(TASK INPUT begins)

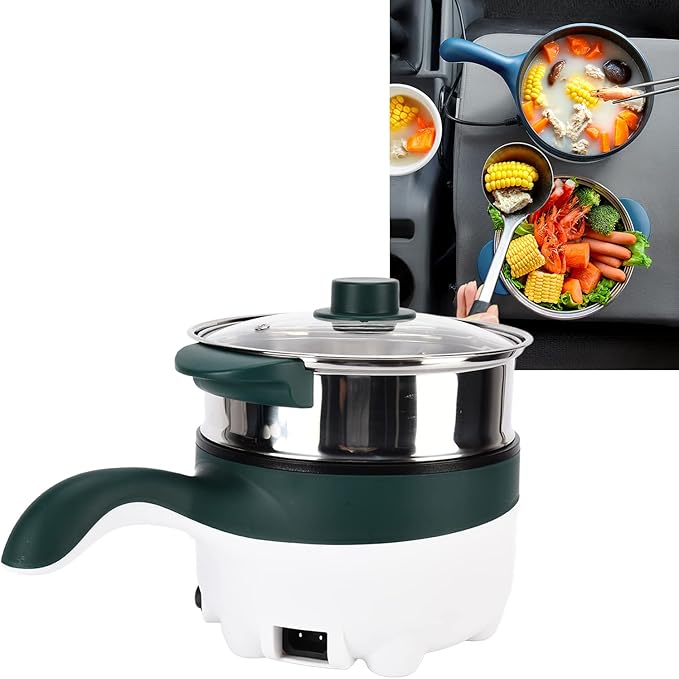 ZJchao Electric Hot Pot 2L Stainless Steel Multifunctional Portable Cooking Steamer for Home Car Kitchen 12V Green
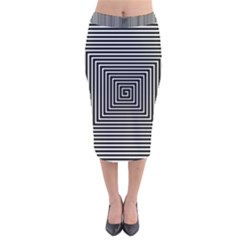 Maze Design Black White Background Velvet Midi Pencil Skirt by HermanTelo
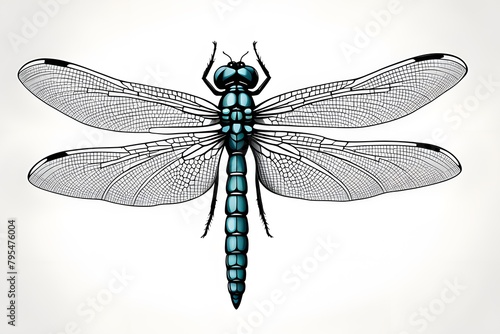 A black and white drawing of a dragonfly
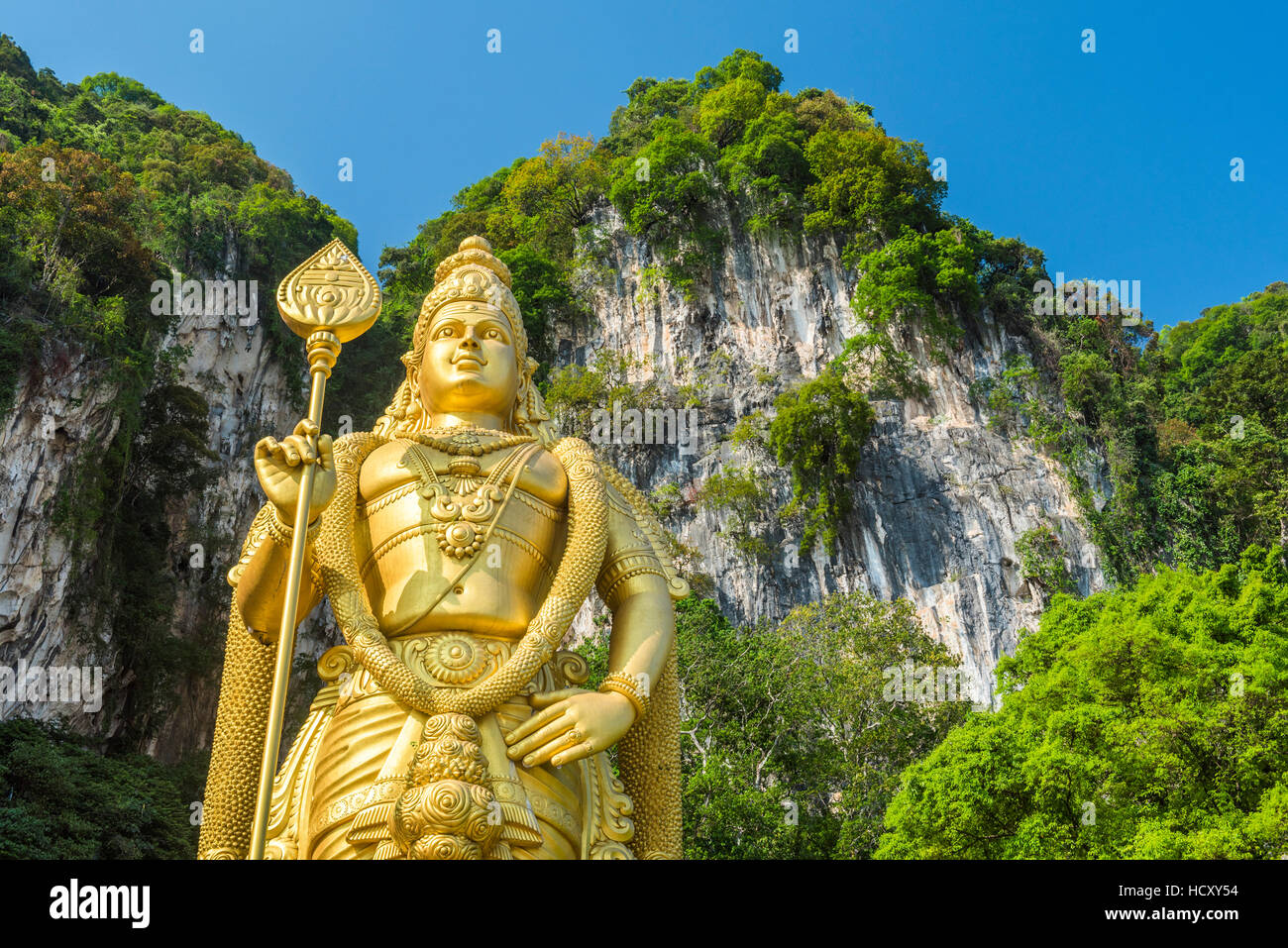 Lord Murugan Statue, die größte Statue der Hindu-Gottheit in Malaysia am Eingang zum Batu Caves, Kuala Lumpur, Malaysia Stockfoto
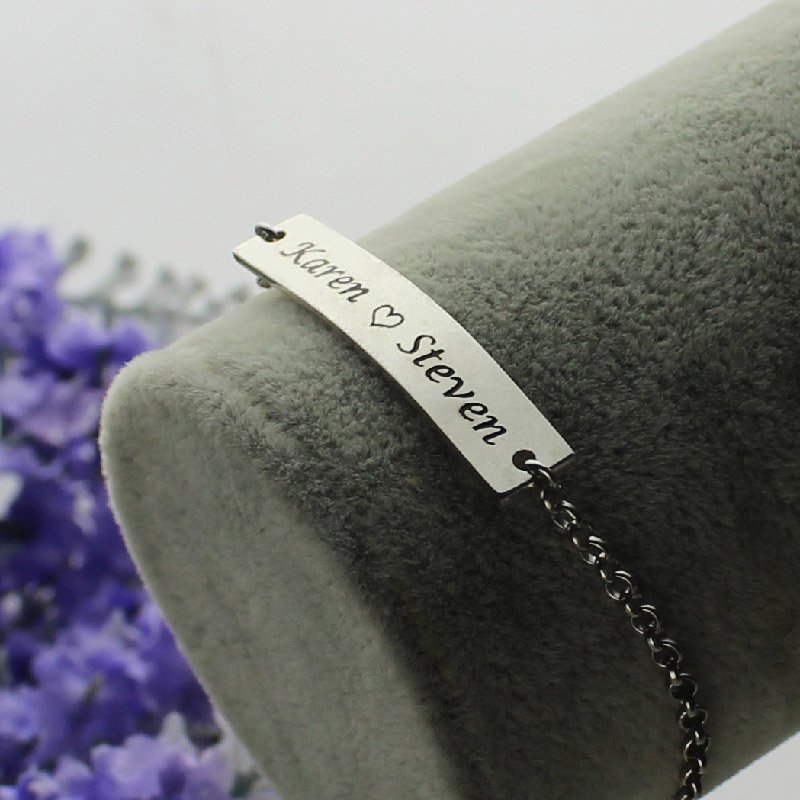 Personalised Name Bar Bracelet Personalised name bar bracelet with heart engraving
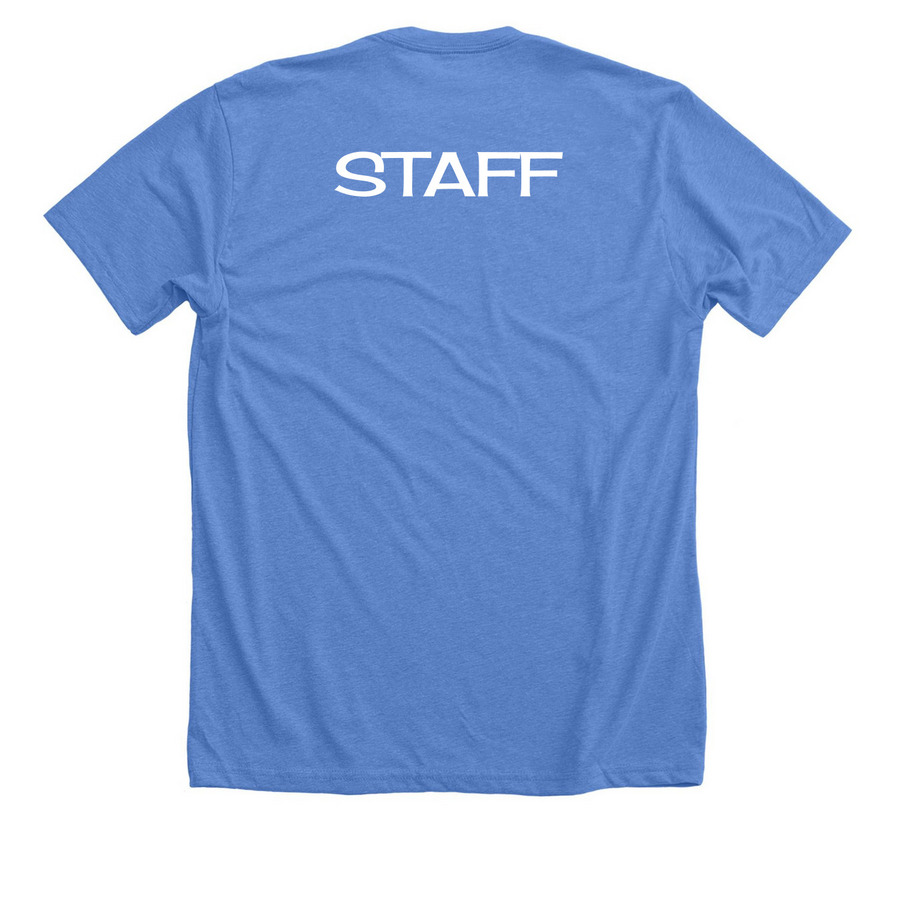 STAFF - TShirts and Sweatshirts, a Heather Columbia Blue Premium Unisex Tee (back-view)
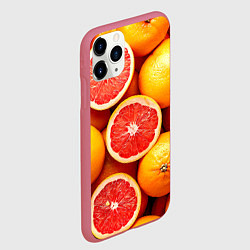 Чехол iPhone 11 Pro матовый Грейпфруты, цвет: 3D-малиновый — фото 2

(TASK INPUT ends)

WHAT YOU SHOULD DO: The lines from the one containing "Lord Murugan Statue, die" through the end of the data above are to be copied exactly, both ends included, and pictures are to be omitted.

SOLVED EXERCISE:
 Lord Murugan Statue, die größte Statue der Hindu-Gottheit in Malaysia am Eingang zum Batu Caves, Kuala Lumpur, Malaysia Stockfoto
 Personalised Name Bar Bracelet Personalised name bar bracelet with heart engraving
 STAFF - TShirts and Sweatshirts, a Heather Columbia Blue Premium Unisex Tee (back-view)
 Чехол iPhone 11 Pro матовый Грейпфруты, цвет: 3D-малиновый — фото 2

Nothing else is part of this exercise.